----- Data to process

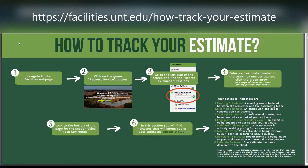Don't forget that the dash needs to be included when entering your estimate. For example, 20-123456. Click the green arrow next to the text box.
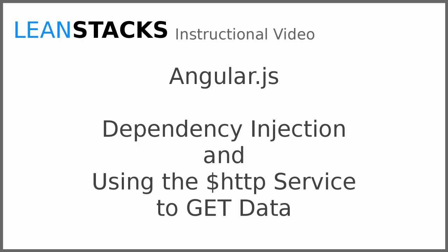Welcome to a LeanStax instructional video. This video is part of the Angular Fundamentals series.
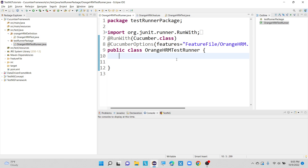We will see how we can implement data driven testing with the help of the Cucumber framework. Data driven testing is a framework where the test data is driven by data files such as Excel files, text files, or CSV files. We can also add databases to perform data driven testing with Cucumber.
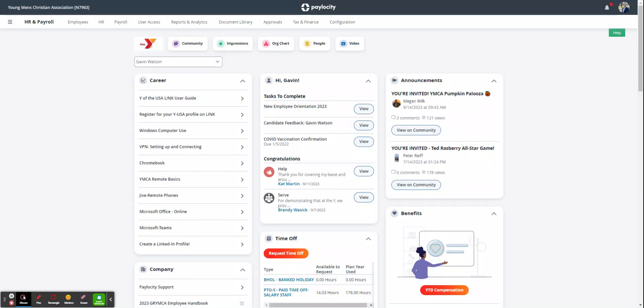Welcome to this training series on the onboarding module. You've sent someone from the recruiting module to onboarding, so now it's time to do their paperwork.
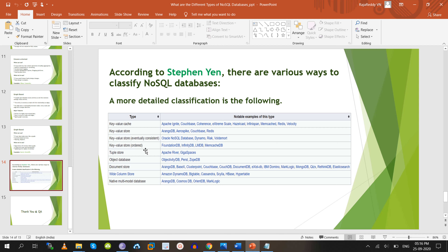Tuple stores include Apache River and GigaSpaces. Object databases include db4o and ObjectDB. Document stores — as already discussed — include MongoDB, Couchbase, and CouchDB. Wide-column stores include Cassandra, Amazon DynamoDB, Apache HBase, and Hypertable. Native multi-modal databases include ArangoDB, Cosmos DB, OrientDB, and MarkLogic.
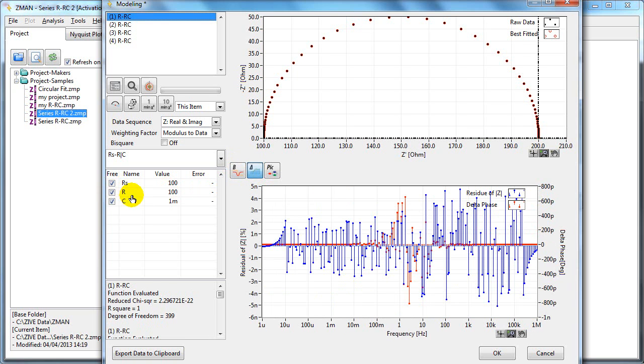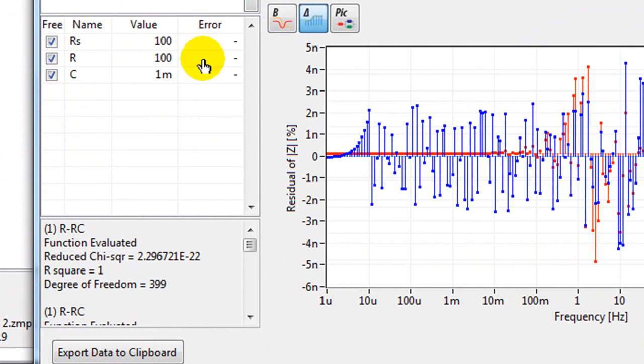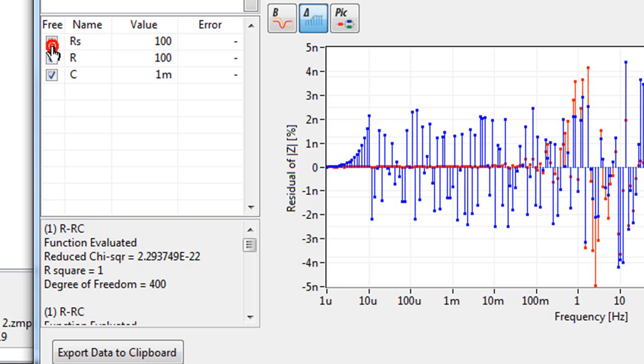The parameters for the fitting are shown here. Here you can tell the software whether to make the parameters free or fixed. A tick means the parameter can be free, positive or negative. A black square means it's free but has to be positive. If it's unticked, it's fixed.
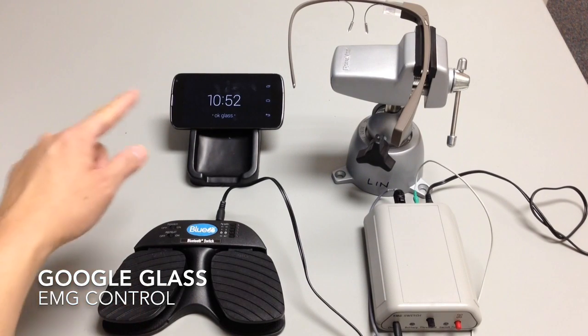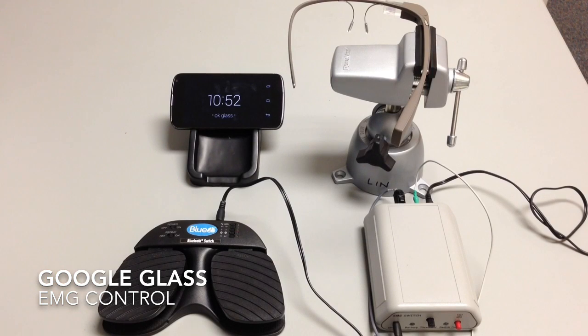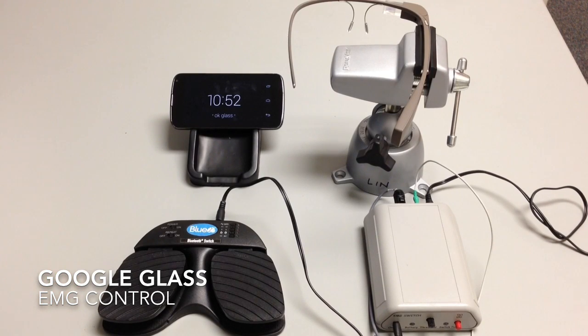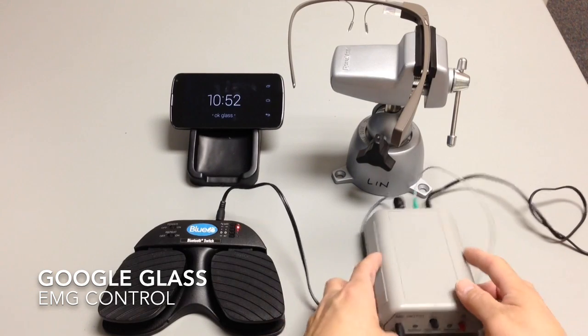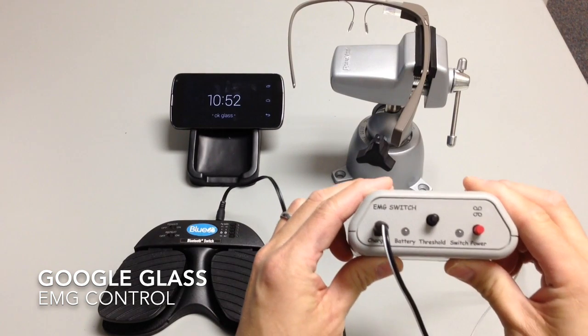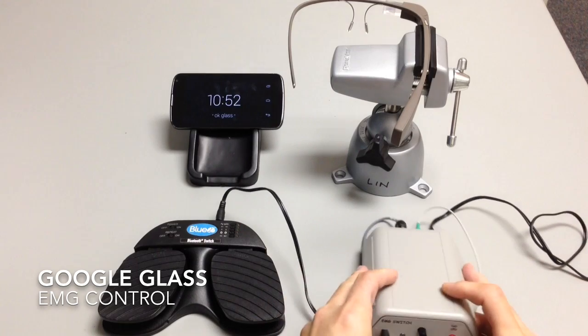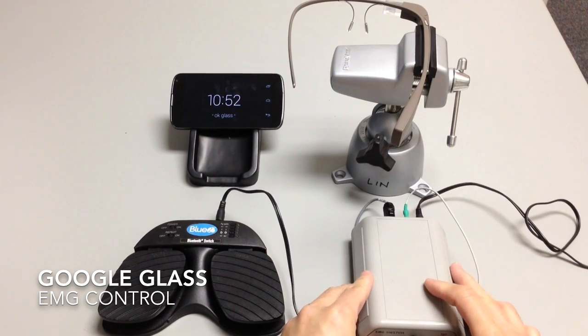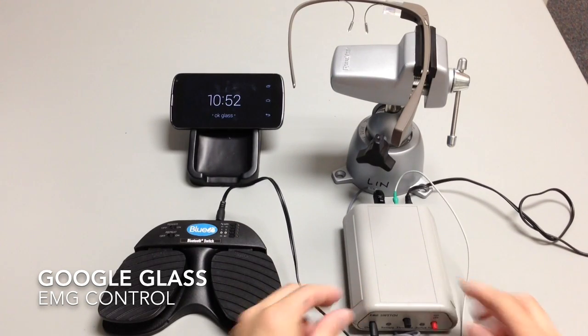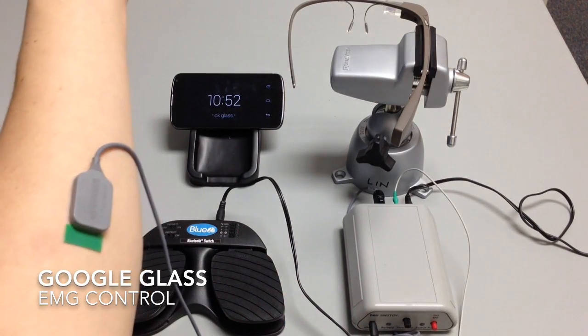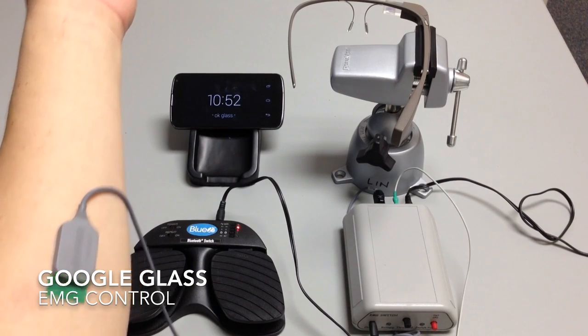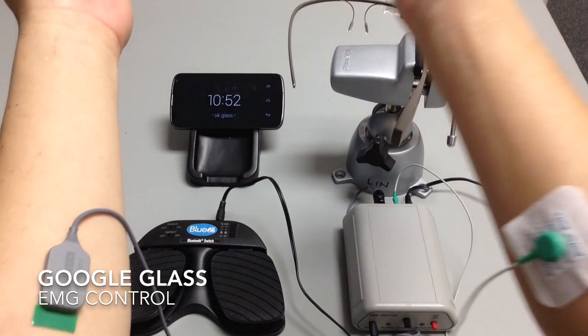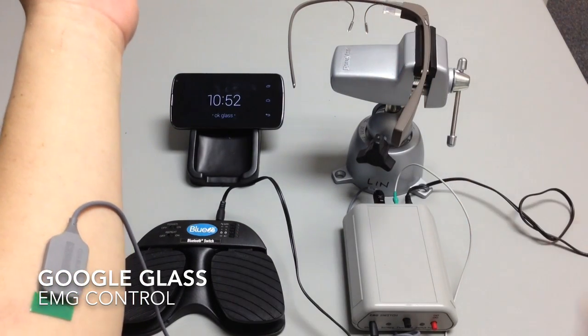This is the Nexus 4 running the MyGlass app with screencast, and this is the Tinkertron EMG switch. The lead is connected to my forearm here, and this is the reference electrode.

----------

(Required work):
Would you output only the span of the records above that opens with the line containing "We will see" and closes with the line containing "Tuple stores include", ends included and pictures dropped?

(Response area):
We will see how we can implement data driven testing with the help of the Cucumber framework. Data driven testing is a framework where the test data is driven by data files such as Excel files, text files, or CSV files. We can also add databases to perform data driven testing with Cucumber.
Welcome to this training series on the onboarding module. You've sent someone from the recruiting module to onboarding, so now it's time to do their paperwork.
Tuple stores include Apache River and GigaSpaces. Object databases include db4o and ObjectDB. Document stores — as already discussed — include MongoDB, Couchbase, and CouchDB. Wide-column stores include Cassandra, Amazon DynamoDB, Apache HBase, and Hypertable. Native multi-modal databases include ArangoDB, Cosmos DB, OrientDB, and MarkLogic.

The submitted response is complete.